Task item -> Below are some records. Return exactly their lines from the one containing "As first step" through the one containing "In this video, I", and drop the pictures.
BEGIN Record set
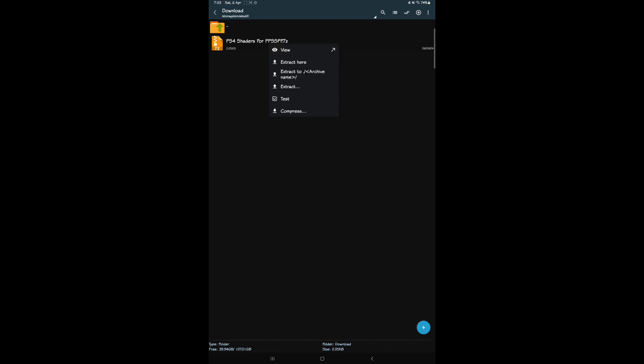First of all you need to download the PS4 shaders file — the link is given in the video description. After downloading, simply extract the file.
END Record set
BEGIN Record set
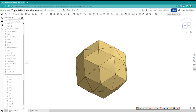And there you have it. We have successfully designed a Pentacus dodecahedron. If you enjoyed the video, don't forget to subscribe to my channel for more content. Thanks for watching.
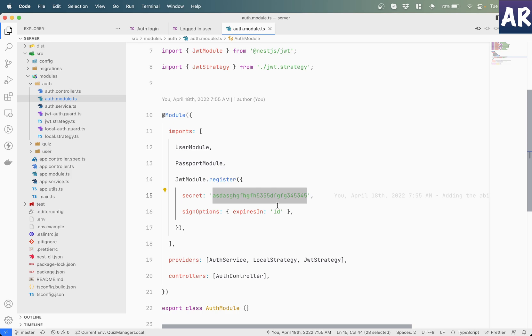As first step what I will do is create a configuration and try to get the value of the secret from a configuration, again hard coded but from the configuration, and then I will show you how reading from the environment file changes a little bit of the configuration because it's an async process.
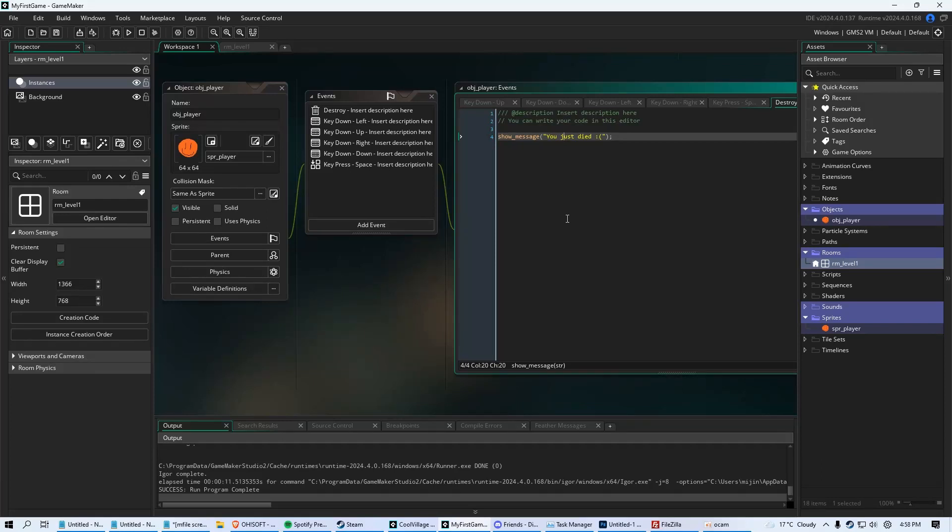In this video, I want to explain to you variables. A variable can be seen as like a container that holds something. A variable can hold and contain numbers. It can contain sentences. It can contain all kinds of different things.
END Record set
Answer space ->
As first step what I will do is create a configuration and try to get the value of the secret from a configuration, again hard coded but from the configuration, and then I will show you how reading from the environment file changes a little bit of the configuration because it's an async process.
In this video, I want to explain to you variables. A variable can be seen as like a container that holds something. A variable can hold and contain numbers. It can contain sentences. It can contain all kinds of different things.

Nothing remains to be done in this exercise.